>>>>

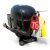 Front-angled view of a used Copeland RS64C1-CAV .75 HP compressor (1 phase 208-230 volt), a black reciprocating compressor with yellow and red hang-tags at upper left, an orange "WARNING/CAUTION" label on the front of the shell, and the metal terminal box on the right side.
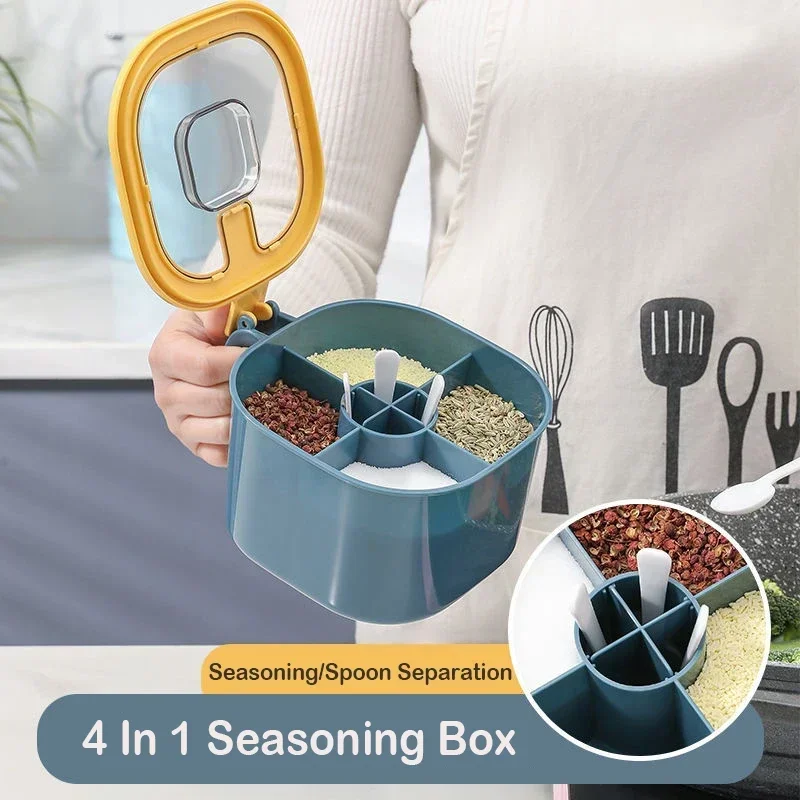 Pot à épices 4 en 1, boîte d'assaisonnement avec cuillère, multi-compartiments, sel, poivre, épic... – Image 2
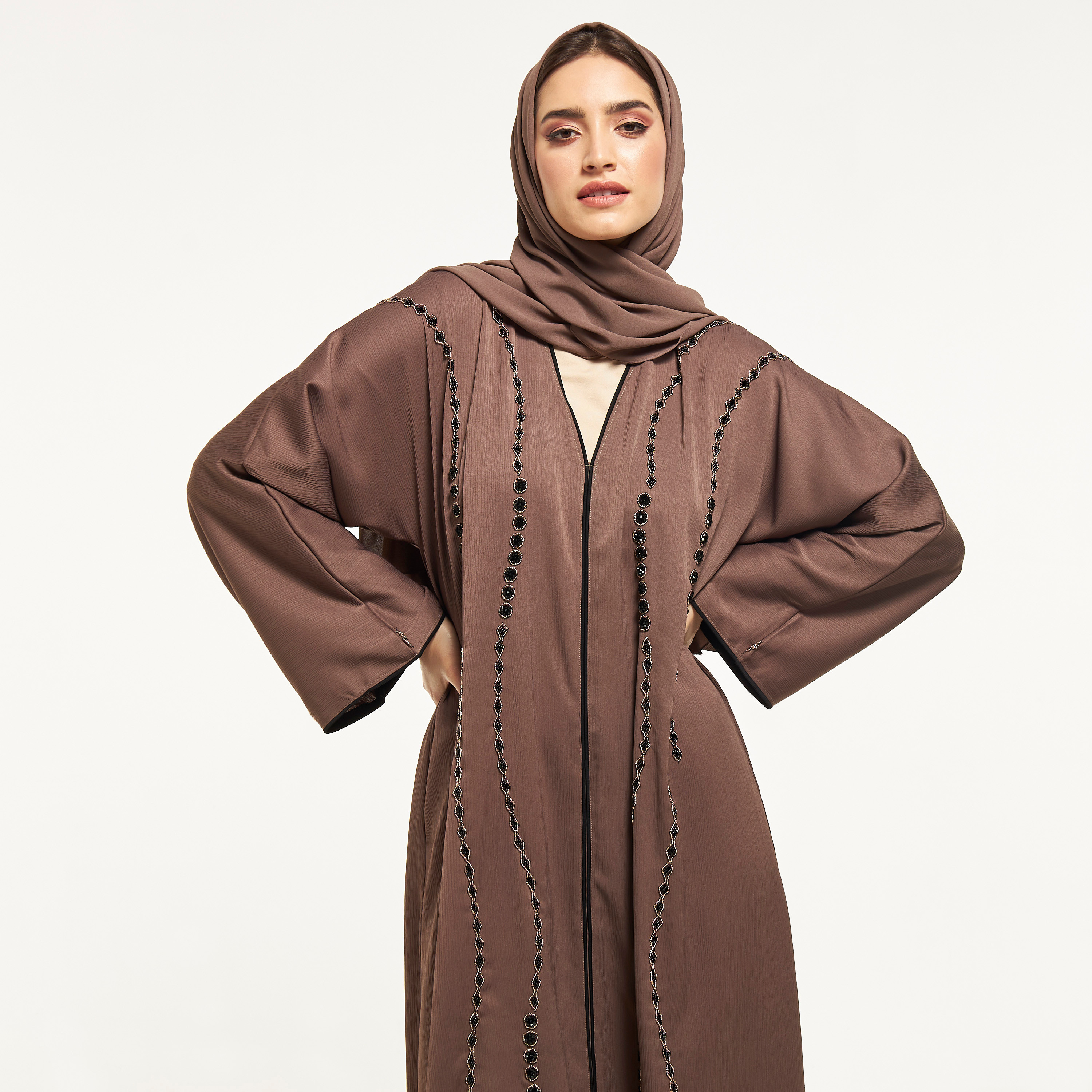Malikah Bead Embellished Abaya with Hijab-women-arabicclothing-abayas-image-2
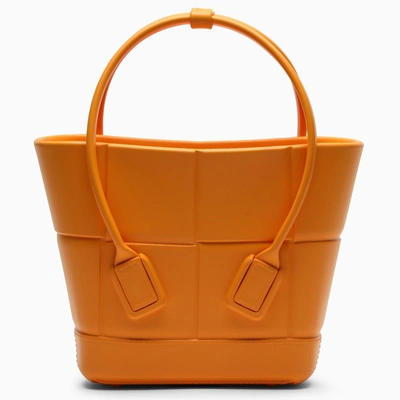 Bottega Veneta Tangerine Arco Rubber Small Bag In Orange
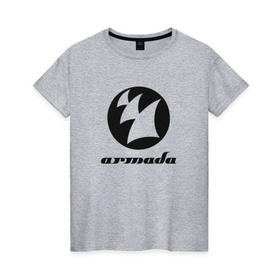 Женская футболка хлопок с принтом Armada Music в Курске, 100% хлопок | прямой крой, круглый вырез горловины, длина до линии бедер, слегка спущенное плечо | armada | armada music labelarmada music | trance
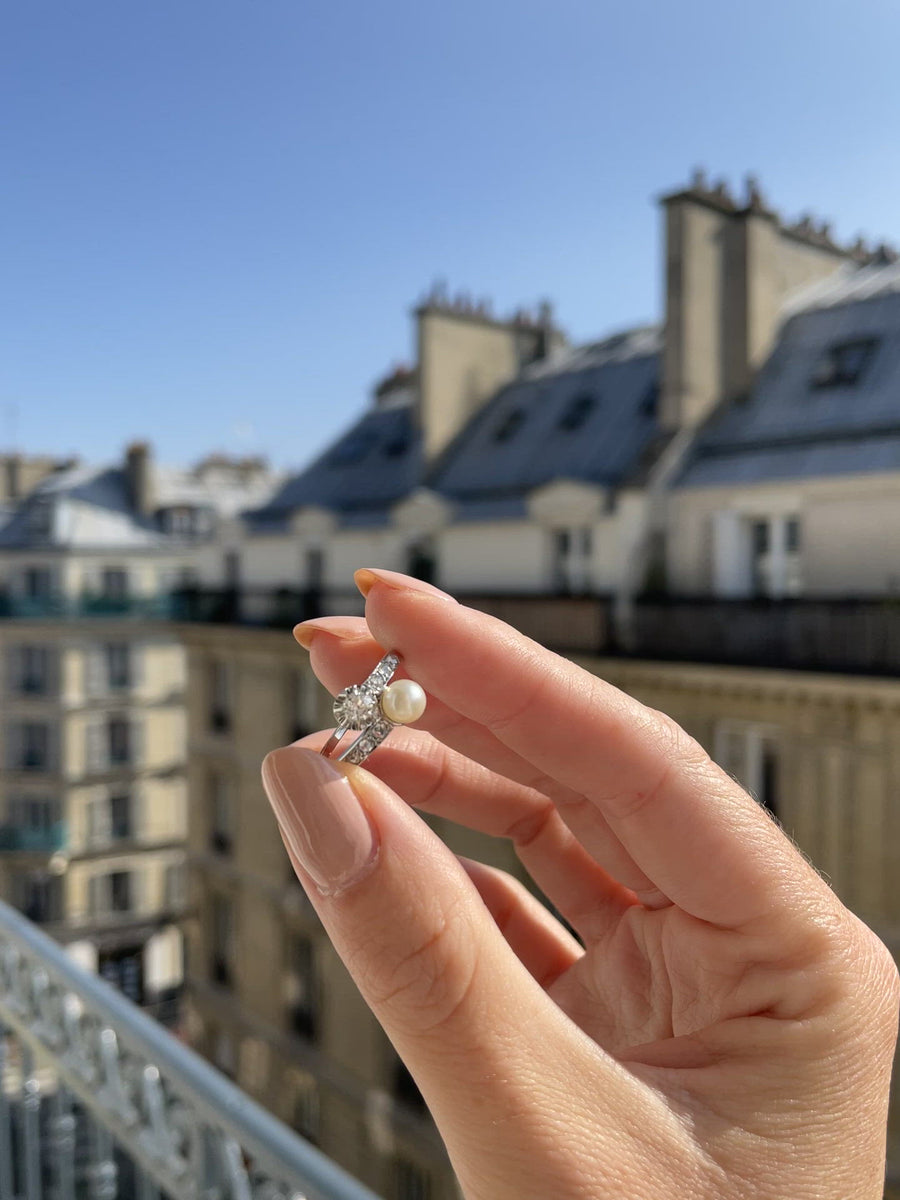 Bague toi et moi perle fine et diamants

<<<<

▶ _THE PROBLEM_
Here the job is to repeat the entries verbatim while leaving all pictures out.

▶ _OUTPUT OF THE TASK_
 Front-angled view of a used Copeland RS64C1-CAV .75 HP compressor (1 phase 208-230 volt), a black reciprocating compressor with yellow and red hang-tags at upper left, an orange "WARNING/CAUTION" label on the front of the shell, and the metal terminal box on the right side.
 Pot à épices 4 en 1, boîte d'assaisonnement avec cuillère, multi-compartiments, sel, poivre, épic... – Image 2
Malikah Bead Embellished Abaya with Hijab-women-arabicclothing-abayas-image-2
 Bottega Veneta Tangerine Arco Rubber Small Bag In Orange
 Женская футболка хлопок с принтом Armada Music в Курске, 100% хлопок | прямой крой, круглый вырез горловины, длина до линии бедер, слегка спущенное плечо | armada | armada music labelarmada music | trance
 Bague toi et moi perle fine et diamants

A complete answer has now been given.